Sandiganbayan and the People of the Philippines, 10 a preliminary investigation (assuming
one had been conducted in TBP-87- 00924) is not a trial to which double jeopardy attaches.

In Gaspar vs. Sandiganbayan, 11 this Court also held:

Moreover, there is no rule or law requiring the Tanodbayan to conduct another Preliminary
investigation of a case under review by it (him). On the contrary, under Presidential Decree
No. 911, in relation to Rule 12, Administrative Order No. VII, the Tanodbayan may, upon
review, reverse the findings of the investigator, and thereafter "where he finds a prima
facie case, to cause the filing of an information in court against the respondent, based on
the same sworn statements or evidence submitted, without the necessity of conducting
another preliminary investigation.
In the present controversy, it will be noted that a preliminary investigation was conducted
by the Office of the Ombudsman in TBP-87-01546 to accord the herein petitioner due
process even if it could be argued that in TBP-87-01546, the Ombudsman was merely
reviewing the Tanodbayan's original dismissal of the complaint in TBP-00924 (involving
the same parties and the same facts), and he could have filed the information even without
a new preliminary investigation.

WHEREFORE, the petition is DENIED. The temporary restraining order issued earlier is
LIFTED; the Sandiganbayan is ordered to proceed with Criminal Case No. 14563.

SO ORDERED.

Narvasa, C.J., Gutierrez, Jr., Cruz, Paras, Feliciano, Bidin, Griño-Aquino, Medialdea,
Regalado, Davide, Jr., Romero and Bellosillo, JJ., concur.

Nocon, J., is on leave.

Footnotes

1 Docketed as Adm. Matter No. MTJ-87-81.

2 Rollo, pp. 35-36.

3 Sandiganbayan Record.

4 Rollo, pp. 5-6.


5 Resolution of 8 November 1990.

6 People vs. Bocar, G.R. No. L-27735, 16 August 1985, 138 SCRA 166.

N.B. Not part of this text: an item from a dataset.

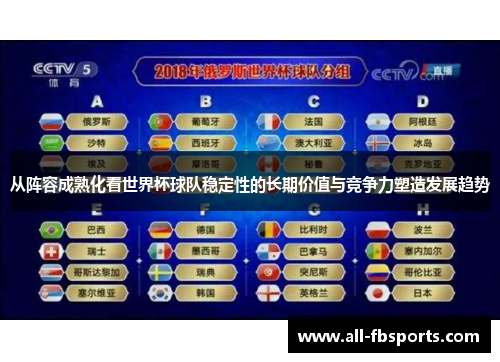 从阵容成熟化看世界杯球队稳定性的长期价值与竞争力塑造发展趋势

7 Consider however, Alejandro Suerte v. Municipal Judge Marcial G. Ugbinar (Adm.


Matter No. 88-MJ, 25 January 1977, 75 SCRA 69), where former Chief Justice Enrique M.
Fernando reiterated the concept first enunciated by Mr. Justice Malcolm in 1922 in re
Horrilleno (43 Phil. 212) that an administrative charge against a judge, being in its nature
highly penal, the charge of serious misconduct against a judge must be proved beyond
reasonable doubt and governed by the rules of law applicable to criminal cases. (De
Guzman vs. De Leon, Administrative Case No. 1328-MJ, 30 July 1987, 72 SCRA 177).

8 Garcia v. Alconcel, Adm. Matter No. 2499-CC [OCA-101], 30 January 1982, 111
SCRA 178.

9 Rollo, p. 72.

10 G.R. Nos. 92362-67, 15 October 1991.

11 G.R. No. 68086, 24 September 1986, 144 SCRA 415.